◆ **Dataset section**:
------------

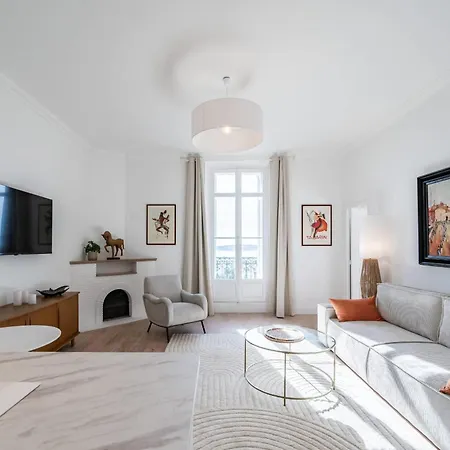 Sublime Fully Renovated One Bedroom With Sea View * Cannes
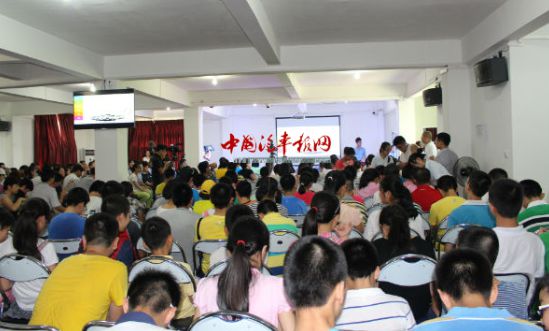 8輛宇通特制專用校車開啟福州市定制校車時代 19座幼兒園校車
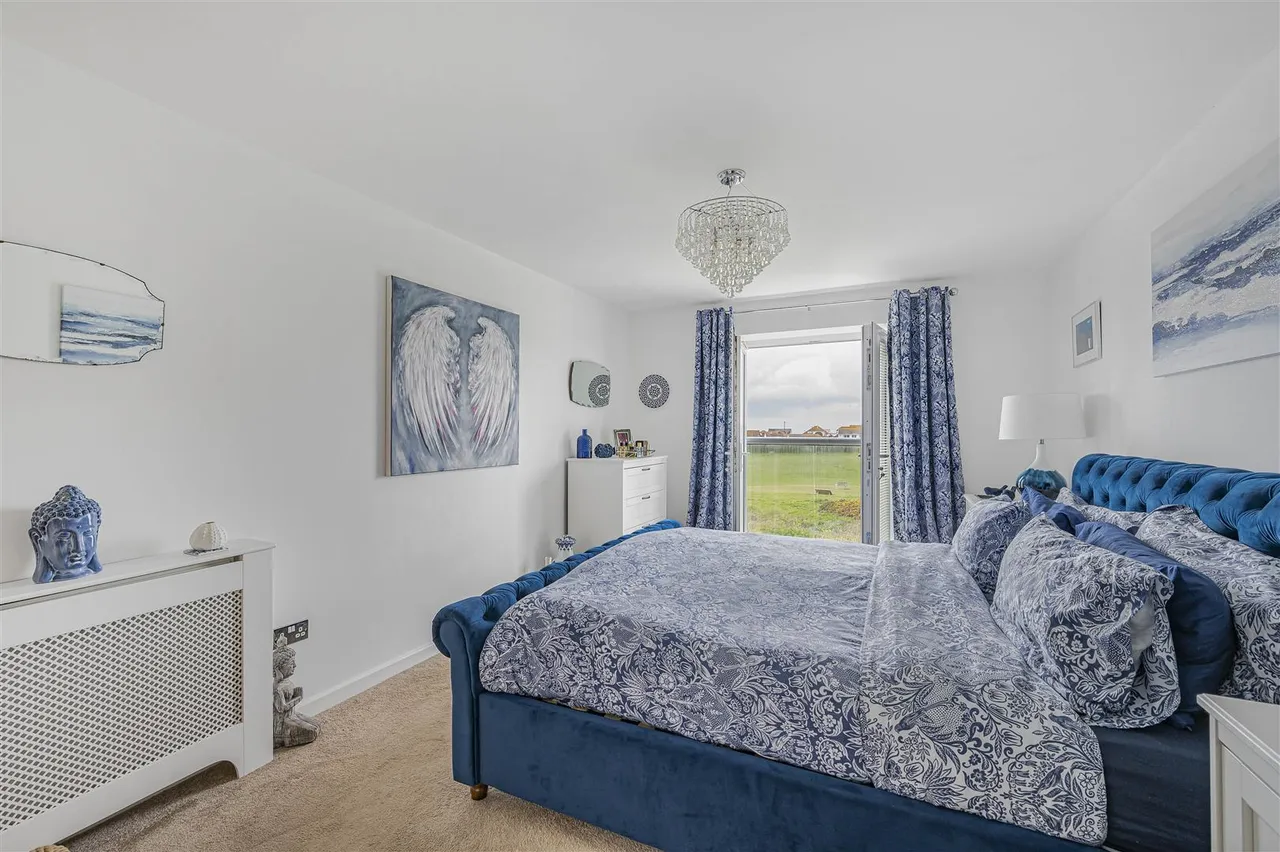 Roderick Avenue, Peacehaven, photo 20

------------

◆ **Task**: Word for word, repeat the material above and drop the pictures.

◆ **Your response**:
 Sublime Fully Renovated One Bedroom With Sea View * Cannes
 8輛宇通特制專用校車開啟福州市定制校車時代 19座幼兒園校車
 Roderick Avenue, Peacehaven, photo 20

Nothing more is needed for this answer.